Contracts of Adhesion
Whether we realize it or not, we’ve agreed to hundreds of contracts of adhesion over our lifetimes. When you downloaded the latest operating system for your smartphone, you agreed to an adhesion contract. Other examples of adhesion contracts include residential mortgages, insurance policies, credit card agreements, and automobile purchase and rental agreements.
Adhesion contracts share the following characteristics:
· They are based on standard printed forms and boilerplate language;
· They are used to supply mass demands for goods and services; and
· They are drafted for an indefinite number of people instead of a single person.
Adhesion contracts are drafted by one party and signed by another party rather than undergoing a negotiated drafting process. Adhesion contracts’ central features are standardized forms and non-negotiability. The party signing the contract cannot modify or negotiate over the contract’s terms because the contract’s drafters are offering the contract’s terms on a non-negotiable “take-it-or-leave-it” basis.
Adhesion contracts are prevalent because they are practical and efficient, help facilitate trade, and streamline business and commercial transactions. The transaction costs of transacting routine business like renting a car or hotel room would be extremely high if parties had to negotiate over every detail in the contract. Adhesion contracts are streamlined, predictable, provide uniformity, and cut down on negotiations that can draw out the time and cost of drafting contracts.
These contracts, however, also come with several drawbacks, the most important being the lack of bargaining parity between the two parties to the adhesion contract. The party signing the contract gives up the bargaining power that she typically has under the traditional model of contract formation.
The general rule is that an adhesion contract is valid and fully enforceable, unless it’s unconscionable to the party that’s signing it. Unconscionability, though an elusive term that is often hard to define, can be determined by reference to the following factors:
· extreme inequality of bargaining or economic power between the drafter and signer;
· contract phrasing or language that a non-lawyer signer would not understand;
· exploitation of the underprivileged, unsophisticated, uneducated and the illiterate;
· imbalance in the obligations imposed by the contract; or
· contract provisions that are inconsistent with the signing party’s reasonable expectations.
Courts will look to these factors to determine whether the contract is so unfair that its enforcement would be against public policy.
The 2016 Delaware case, James v. National Financial, LLC, is a case study in unconscionability of an adhesion contract. Here, the plaintiff, Gloria James, was a part-time housekeeper at a local hotel. She had dropped out of high school and had neither a savings account nor a checking account. To make ends meet she signed an agreement for a $200 consumer loan that was a standardized, boilerplate agreement that was provided to her on a take-it-or-leave-it basis. It was clearly an adhesion contract.
The contract’s terms called for James to make twenty-six, bi-weekly, interest-only payments of $60, followed by a twenty-seventh payment comprised of $60 in interest plus the original principal of $200. The contract required her to pay $30 per week in interest, the total payments adding up to $1,820. The annual interest rate came out to a whopping 838.45%.

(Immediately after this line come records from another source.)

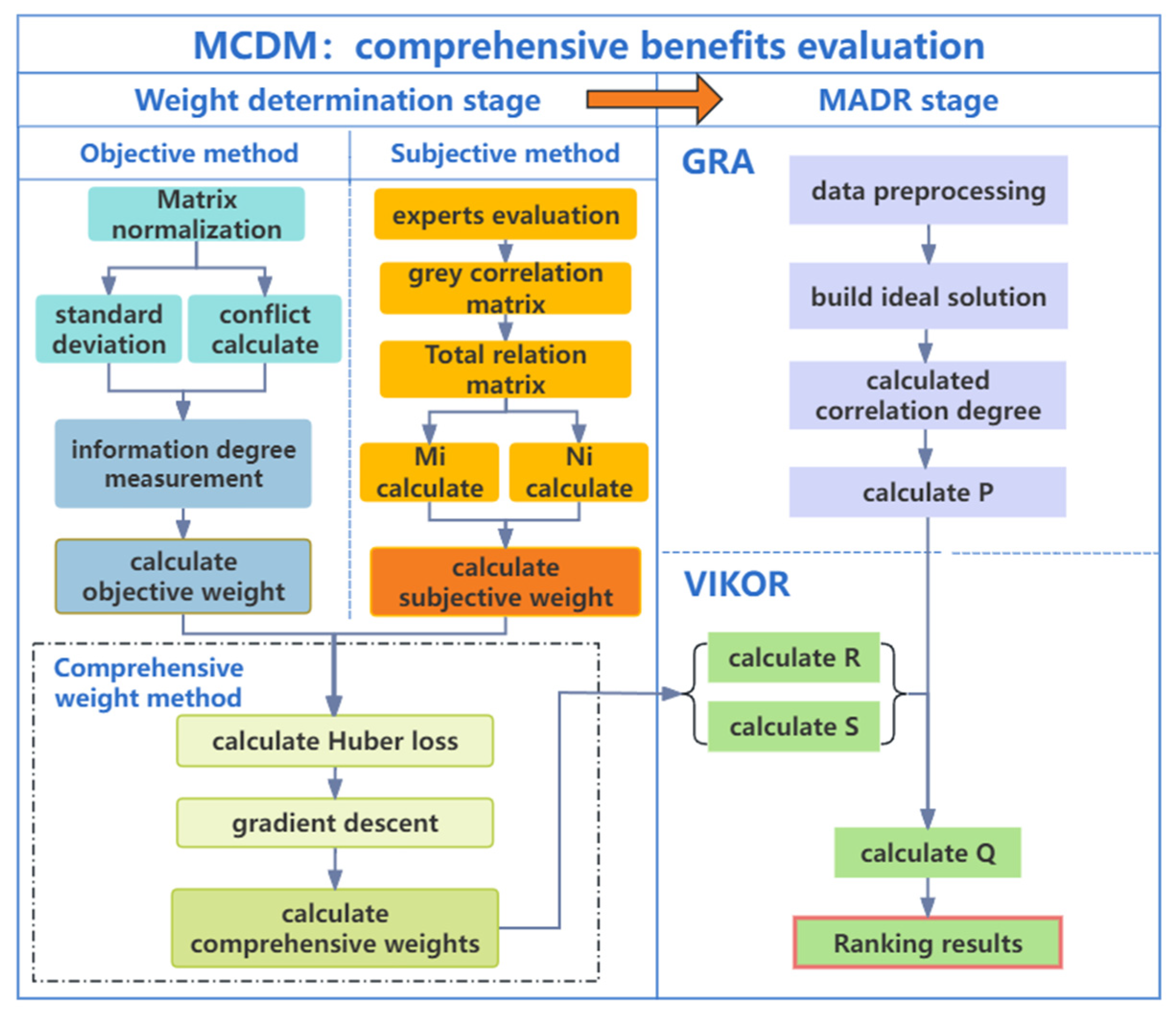 Processes 13 01226 g002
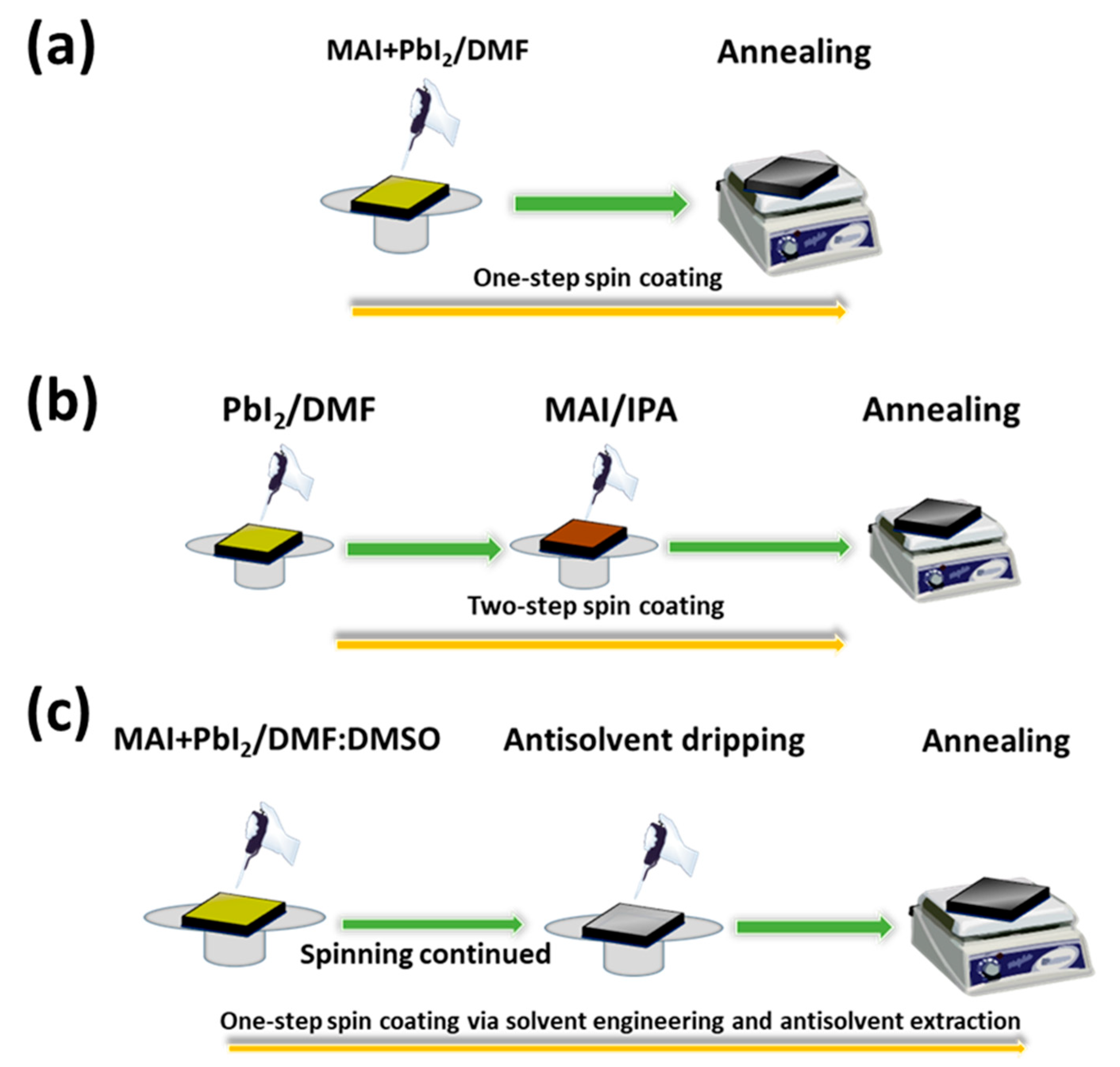 Applsci 11 11689 g001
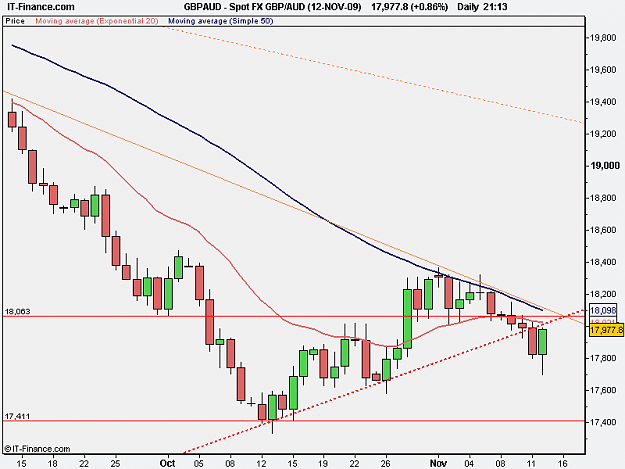 Click to Enlarge

Name: GBP_AUD _12_NOV_09_.png
Size: 12 KB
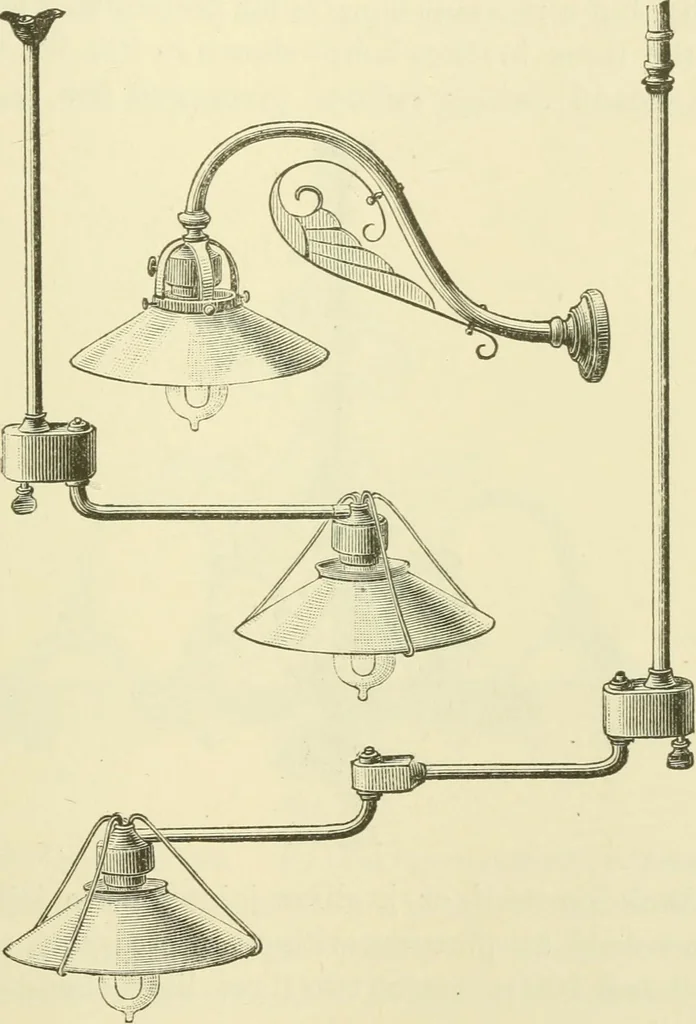 An illustration from Dynamo-electricity: its generation, application, transmission, storage and measurement, 1884, leaf 198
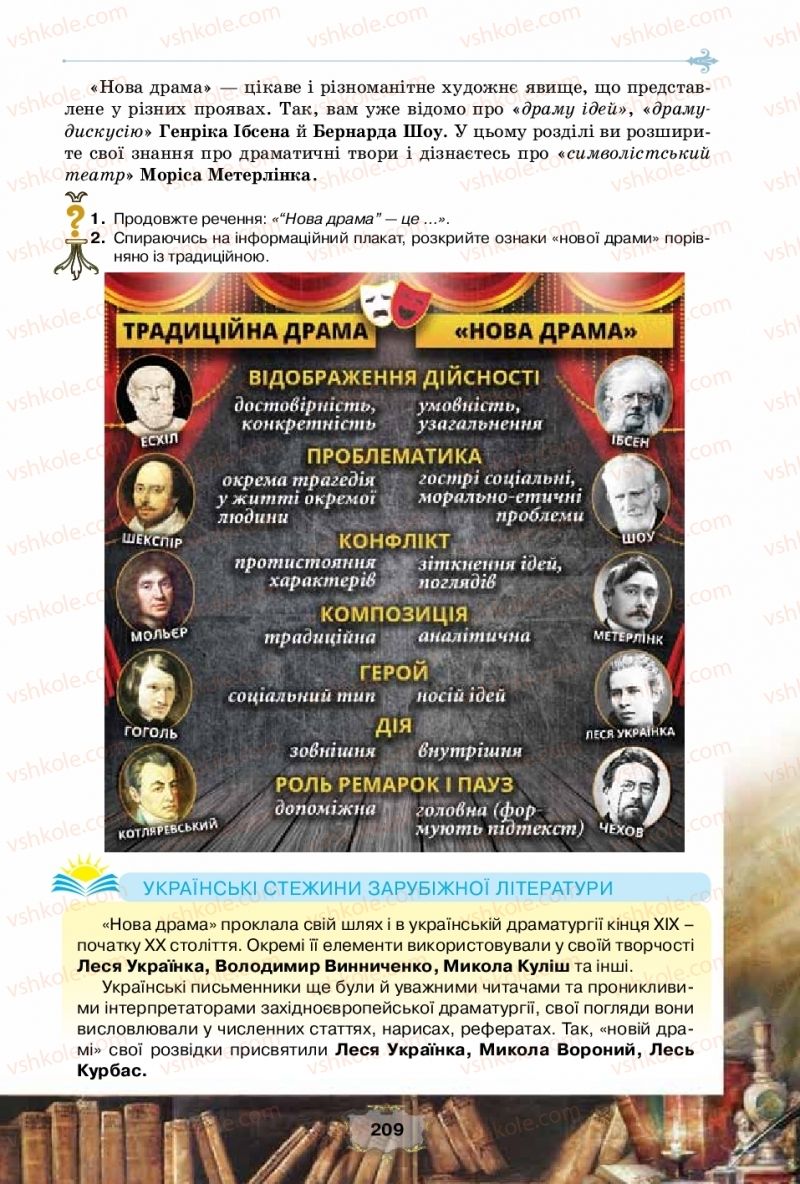 Страница 209 | Підручник Зарубіжна література 10 клас О.О. Ісаєва, Ж.В. Клименко, А.О. Мельник 2018 Рівень стандарту
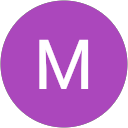 Марія Теліш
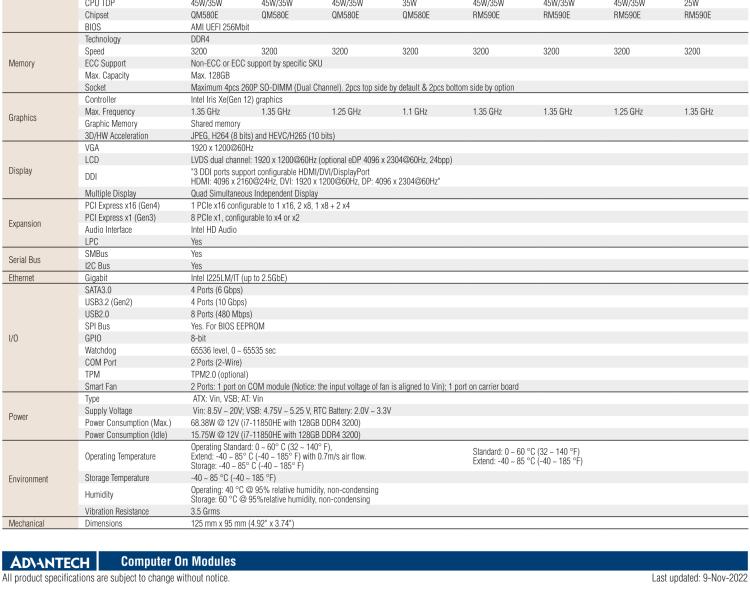 研華SOM-5883 第十一代Intel Core處理器（代號：Tiger Lake-H），COM Express? Basic Type 6 模塊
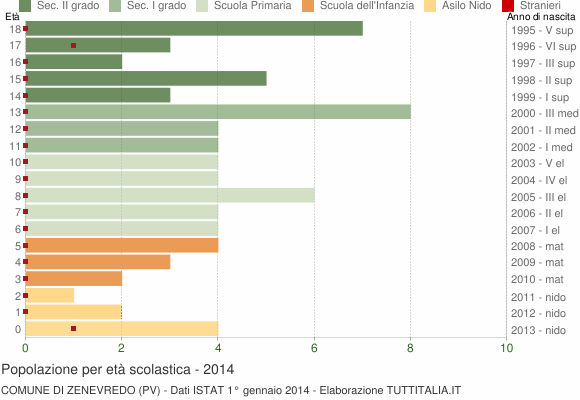 Grafico Popolazione in età scolastica - Zenevredo 2014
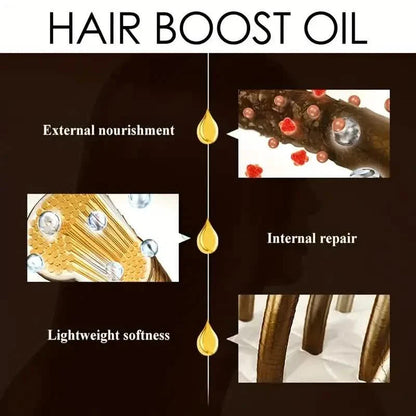 Hair Growth Oil &amp; Scalp Treatment Plant Extract for Dry Damaged Hair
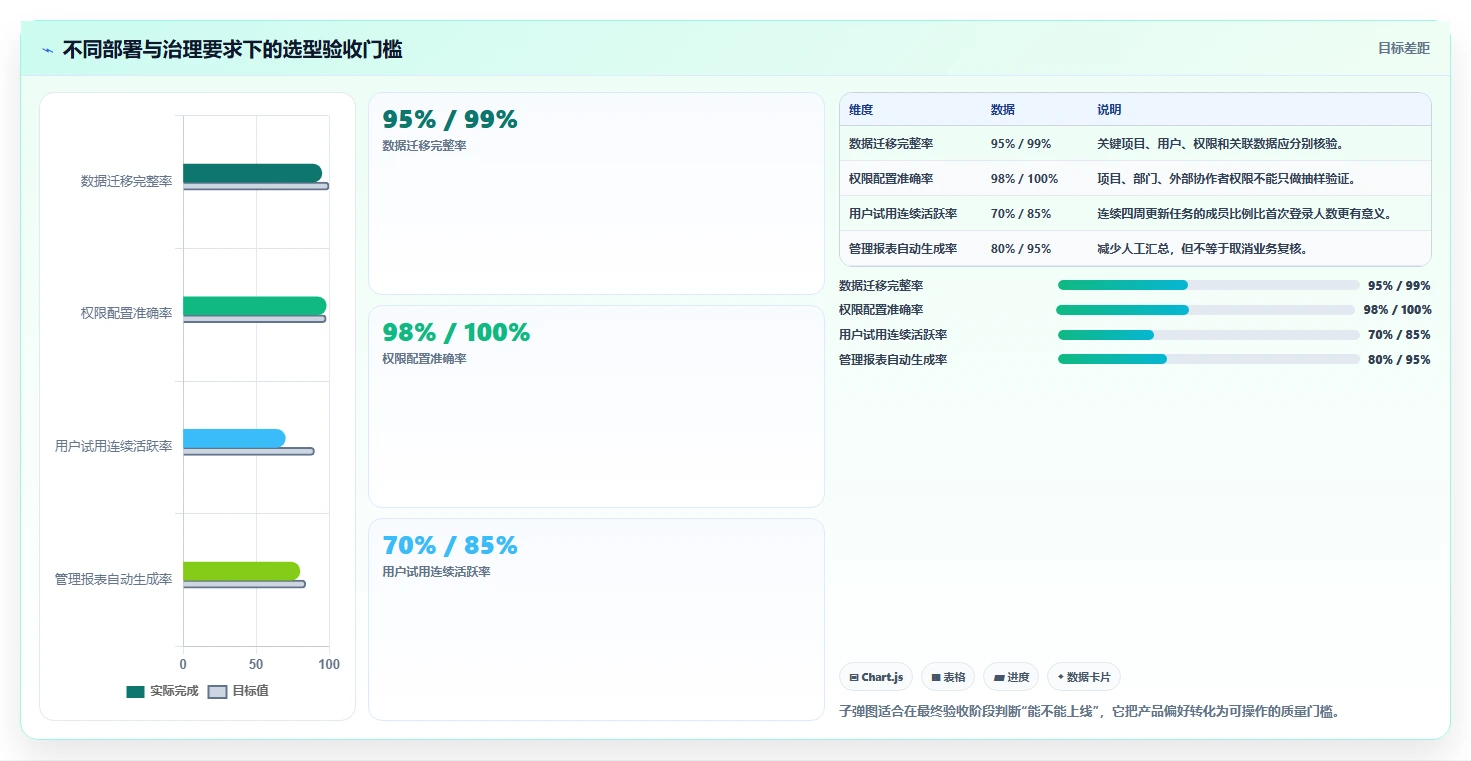 2026年项目管理利器:7大项目管理工具8manage pm深度对比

A day after obtaining the loan, she broke her hand while working. As a result, she could no longer work, could not repay her loan, and had to default. When James and National Financial couldn’t reach a settlement, she filed a lawsuit to rescind the loan.
The court agreed with James and held that the loan agreement, a standard adhesion contract, could not be enforced because it was fundamentally unfair. The facts demonstrated unconscionability. First, there was an inequality of bargaining power because the loan company and the plaintiff didn’t negotiate over the loan’s terms: it was a standardized, boilerplate contract. Second, the Loan Agreement could not be easily understood by a non-lawyer because while it was only six-pages long, the first five pages had substantive, financial terms that required a level of sophistication not possessed by the plaintiff who didn’t have a high school education. Finally, the obligations had an overall imbalance because of the 838% annual percentage rate, a level of pricing that the court wrote “shocks the conscience.”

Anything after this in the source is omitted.